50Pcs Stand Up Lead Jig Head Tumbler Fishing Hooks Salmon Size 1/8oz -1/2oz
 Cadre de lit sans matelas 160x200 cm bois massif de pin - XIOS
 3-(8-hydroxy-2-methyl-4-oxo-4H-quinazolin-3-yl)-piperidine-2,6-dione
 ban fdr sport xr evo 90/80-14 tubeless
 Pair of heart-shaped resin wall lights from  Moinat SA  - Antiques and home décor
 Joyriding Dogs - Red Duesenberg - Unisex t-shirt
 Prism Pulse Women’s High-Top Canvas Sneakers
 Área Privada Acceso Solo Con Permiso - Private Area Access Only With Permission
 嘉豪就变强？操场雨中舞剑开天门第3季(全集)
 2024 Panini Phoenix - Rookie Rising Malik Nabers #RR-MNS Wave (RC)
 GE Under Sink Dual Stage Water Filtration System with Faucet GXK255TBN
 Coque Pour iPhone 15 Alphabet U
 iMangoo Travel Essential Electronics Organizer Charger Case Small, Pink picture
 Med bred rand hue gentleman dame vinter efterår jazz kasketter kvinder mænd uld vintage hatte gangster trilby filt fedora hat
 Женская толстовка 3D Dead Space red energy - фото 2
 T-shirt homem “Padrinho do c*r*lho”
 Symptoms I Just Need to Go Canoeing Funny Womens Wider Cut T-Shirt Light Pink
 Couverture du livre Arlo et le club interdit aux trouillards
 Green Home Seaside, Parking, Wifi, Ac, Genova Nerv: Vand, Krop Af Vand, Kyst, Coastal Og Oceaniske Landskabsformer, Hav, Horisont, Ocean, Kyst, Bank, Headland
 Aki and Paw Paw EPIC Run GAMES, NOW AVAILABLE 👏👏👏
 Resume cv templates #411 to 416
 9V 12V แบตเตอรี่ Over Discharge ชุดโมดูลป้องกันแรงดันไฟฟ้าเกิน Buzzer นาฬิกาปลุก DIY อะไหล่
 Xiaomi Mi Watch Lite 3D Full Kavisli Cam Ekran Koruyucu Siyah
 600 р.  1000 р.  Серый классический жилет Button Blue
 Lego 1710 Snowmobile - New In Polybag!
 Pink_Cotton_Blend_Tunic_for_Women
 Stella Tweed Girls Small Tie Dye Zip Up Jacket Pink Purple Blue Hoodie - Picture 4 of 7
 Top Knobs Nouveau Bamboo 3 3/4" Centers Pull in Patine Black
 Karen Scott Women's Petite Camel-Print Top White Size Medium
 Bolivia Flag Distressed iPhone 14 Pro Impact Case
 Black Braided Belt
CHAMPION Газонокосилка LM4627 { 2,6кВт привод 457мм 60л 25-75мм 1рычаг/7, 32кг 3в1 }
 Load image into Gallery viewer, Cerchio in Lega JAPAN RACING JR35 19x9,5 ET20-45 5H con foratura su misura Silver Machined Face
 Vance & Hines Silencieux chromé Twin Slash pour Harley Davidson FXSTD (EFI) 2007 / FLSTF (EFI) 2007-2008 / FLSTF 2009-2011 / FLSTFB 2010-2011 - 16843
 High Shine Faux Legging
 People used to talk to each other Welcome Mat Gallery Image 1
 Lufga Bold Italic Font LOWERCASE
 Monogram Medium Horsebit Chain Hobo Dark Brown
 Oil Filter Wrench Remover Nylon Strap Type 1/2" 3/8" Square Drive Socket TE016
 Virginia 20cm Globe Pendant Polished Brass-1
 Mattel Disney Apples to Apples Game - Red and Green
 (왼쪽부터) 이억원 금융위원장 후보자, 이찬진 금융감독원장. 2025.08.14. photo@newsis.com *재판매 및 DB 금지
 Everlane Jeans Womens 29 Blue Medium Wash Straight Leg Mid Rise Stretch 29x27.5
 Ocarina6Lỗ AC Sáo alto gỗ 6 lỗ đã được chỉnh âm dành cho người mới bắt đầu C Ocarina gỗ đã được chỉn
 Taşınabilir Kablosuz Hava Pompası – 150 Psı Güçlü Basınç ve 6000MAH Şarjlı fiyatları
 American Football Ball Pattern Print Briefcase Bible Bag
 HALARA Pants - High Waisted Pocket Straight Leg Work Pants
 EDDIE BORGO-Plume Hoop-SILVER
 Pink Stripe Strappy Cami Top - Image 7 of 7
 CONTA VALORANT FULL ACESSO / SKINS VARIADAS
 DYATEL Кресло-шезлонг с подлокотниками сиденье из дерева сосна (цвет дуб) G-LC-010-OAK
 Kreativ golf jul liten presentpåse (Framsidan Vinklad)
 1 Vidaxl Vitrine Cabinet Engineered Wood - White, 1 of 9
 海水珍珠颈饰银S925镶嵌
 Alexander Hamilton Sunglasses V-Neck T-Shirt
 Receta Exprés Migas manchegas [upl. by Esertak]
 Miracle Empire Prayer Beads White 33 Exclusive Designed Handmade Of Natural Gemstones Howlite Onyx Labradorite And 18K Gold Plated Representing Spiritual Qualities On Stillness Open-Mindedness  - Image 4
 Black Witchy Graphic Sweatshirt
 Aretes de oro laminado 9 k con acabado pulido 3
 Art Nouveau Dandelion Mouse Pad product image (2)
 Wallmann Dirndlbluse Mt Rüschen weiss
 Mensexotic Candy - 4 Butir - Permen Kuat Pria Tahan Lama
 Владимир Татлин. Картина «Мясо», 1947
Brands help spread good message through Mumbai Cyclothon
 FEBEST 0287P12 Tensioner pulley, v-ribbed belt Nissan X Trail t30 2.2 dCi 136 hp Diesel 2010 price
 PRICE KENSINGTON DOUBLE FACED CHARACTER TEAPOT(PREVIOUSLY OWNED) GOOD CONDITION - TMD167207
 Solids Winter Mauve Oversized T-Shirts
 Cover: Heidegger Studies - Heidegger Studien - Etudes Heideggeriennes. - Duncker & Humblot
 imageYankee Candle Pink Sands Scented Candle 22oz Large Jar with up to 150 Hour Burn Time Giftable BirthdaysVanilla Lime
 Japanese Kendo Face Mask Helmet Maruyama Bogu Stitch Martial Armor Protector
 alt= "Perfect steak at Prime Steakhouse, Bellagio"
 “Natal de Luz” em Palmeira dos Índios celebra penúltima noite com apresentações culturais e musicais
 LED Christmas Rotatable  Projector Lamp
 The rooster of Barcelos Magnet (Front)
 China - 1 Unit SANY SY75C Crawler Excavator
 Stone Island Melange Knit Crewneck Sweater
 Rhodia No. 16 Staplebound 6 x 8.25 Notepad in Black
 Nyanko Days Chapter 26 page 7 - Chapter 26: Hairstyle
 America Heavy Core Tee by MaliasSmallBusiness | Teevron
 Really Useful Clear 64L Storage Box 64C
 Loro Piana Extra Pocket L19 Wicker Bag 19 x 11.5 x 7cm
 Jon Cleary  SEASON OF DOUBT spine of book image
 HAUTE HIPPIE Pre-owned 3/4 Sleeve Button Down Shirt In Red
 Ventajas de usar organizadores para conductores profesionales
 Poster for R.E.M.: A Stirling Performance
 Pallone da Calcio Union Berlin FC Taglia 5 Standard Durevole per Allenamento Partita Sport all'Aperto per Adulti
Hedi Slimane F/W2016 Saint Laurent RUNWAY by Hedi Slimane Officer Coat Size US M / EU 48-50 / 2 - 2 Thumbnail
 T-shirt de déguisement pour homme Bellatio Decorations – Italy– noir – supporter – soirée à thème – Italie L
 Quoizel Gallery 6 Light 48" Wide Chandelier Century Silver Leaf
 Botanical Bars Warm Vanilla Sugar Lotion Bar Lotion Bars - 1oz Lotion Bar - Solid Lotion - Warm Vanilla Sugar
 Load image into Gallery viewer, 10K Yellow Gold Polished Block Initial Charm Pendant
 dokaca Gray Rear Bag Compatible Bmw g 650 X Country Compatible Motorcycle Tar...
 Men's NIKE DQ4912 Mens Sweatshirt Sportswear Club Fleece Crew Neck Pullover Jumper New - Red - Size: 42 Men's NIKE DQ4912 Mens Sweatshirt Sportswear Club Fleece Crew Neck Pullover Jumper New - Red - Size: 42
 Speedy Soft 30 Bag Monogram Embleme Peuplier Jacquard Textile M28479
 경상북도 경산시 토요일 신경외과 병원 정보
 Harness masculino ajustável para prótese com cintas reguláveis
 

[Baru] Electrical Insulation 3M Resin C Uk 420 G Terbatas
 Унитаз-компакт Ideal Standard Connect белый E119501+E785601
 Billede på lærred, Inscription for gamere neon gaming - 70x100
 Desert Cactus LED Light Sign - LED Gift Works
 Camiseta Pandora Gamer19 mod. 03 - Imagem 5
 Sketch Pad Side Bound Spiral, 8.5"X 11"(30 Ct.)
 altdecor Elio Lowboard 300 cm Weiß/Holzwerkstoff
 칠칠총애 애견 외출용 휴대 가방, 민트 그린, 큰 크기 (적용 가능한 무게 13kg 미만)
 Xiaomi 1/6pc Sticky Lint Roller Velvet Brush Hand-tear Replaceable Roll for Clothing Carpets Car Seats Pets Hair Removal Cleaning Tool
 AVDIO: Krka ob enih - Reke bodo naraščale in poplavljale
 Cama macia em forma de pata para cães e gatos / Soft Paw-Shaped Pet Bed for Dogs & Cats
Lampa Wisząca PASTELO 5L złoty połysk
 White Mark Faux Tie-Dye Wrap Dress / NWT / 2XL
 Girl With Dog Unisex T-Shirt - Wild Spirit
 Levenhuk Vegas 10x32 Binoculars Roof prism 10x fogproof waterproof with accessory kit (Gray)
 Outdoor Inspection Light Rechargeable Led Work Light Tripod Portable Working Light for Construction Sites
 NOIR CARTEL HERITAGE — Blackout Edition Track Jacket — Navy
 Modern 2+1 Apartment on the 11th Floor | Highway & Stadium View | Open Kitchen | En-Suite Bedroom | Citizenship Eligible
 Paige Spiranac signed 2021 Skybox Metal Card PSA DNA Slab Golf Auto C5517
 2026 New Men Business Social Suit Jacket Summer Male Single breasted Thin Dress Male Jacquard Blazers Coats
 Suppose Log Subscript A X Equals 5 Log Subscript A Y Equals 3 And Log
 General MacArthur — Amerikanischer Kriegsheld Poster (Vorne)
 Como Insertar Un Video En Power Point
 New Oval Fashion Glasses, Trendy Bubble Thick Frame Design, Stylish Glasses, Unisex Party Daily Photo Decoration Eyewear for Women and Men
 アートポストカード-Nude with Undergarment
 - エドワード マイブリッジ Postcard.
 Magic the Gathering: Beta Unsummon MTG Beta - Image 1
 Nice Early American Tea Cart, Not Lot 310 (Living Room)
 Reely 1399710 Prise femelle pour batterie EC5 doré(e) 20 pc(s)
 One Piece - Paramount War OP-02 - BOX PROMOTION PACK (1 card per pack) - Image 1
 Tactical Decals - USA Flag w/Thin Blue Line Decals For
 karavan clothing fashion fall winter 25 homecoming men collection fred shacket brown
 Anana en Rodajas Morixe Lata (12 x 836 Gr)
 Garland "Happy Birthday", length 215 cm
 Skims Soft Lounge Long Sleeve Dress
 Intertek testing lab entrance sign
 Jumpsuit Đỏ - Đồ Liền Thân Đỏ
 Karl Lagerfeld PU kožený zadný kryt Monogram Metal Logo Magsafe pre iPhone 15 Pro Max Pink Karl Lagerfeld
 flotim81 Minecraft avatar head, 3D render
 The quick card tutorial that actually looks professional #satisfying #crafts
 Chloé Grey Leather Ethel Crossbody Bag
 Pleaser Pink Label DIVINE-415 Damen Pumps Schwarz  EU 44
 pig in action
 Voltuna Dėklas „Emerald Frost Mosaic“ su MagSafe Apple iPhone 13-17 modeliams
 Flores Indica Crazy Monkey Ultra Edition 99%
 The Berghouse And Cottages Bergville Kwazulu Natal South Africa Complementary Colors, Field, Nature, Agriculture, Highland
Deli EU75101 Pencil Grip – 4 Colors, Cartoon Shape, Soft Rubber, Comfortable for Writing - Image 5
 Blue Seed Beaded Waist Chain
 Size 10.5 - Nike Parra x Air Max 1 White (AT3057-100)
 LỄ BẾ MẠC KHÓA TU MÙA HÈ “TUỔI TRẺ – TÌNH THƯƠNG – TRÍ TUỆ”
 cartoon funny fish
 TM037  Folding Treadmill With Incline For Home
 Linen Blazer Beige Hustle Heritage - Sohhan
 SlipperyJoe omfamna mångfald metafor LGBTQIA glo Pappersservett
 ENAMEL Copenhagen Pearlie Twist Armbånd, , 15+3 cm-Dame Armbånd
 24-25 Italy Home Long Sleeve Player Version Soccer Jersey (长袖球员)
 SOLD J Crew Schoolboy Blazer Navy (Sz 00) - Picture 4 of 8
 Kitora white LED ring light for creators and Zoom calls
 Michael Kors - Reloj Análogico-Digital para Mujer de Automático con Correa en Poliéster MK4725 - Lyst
============
• Exercise details
What is needed is a verbatim copy of every line in the records above from the one containing "Reely 1399710 Prise" down to the one containing "Intertek testing lab entrance sign", both included, and nothing more.

• Answer to the exercise
 Reely 1399710 Prise femelle pour batterie EC5 doré(e) 20 pc(s)
 One Piece - Paramount War OP-02 - BOX PROMOTION PACK (1 card per pack) - Image 1
 Tactical Decals - USA Flag w/Thin Blue Line Decals For
 karavan clothing fashion fall winter 25 homecoming men collection fred shacket brown
 Anana en Rodajas Morixe Lata (12 x 836 Gr)
 Garland "Happy Birthday", length 215 cm
 Skims Soft Lounge Long Sleeve Dress
 Intertek testing lab entrance sign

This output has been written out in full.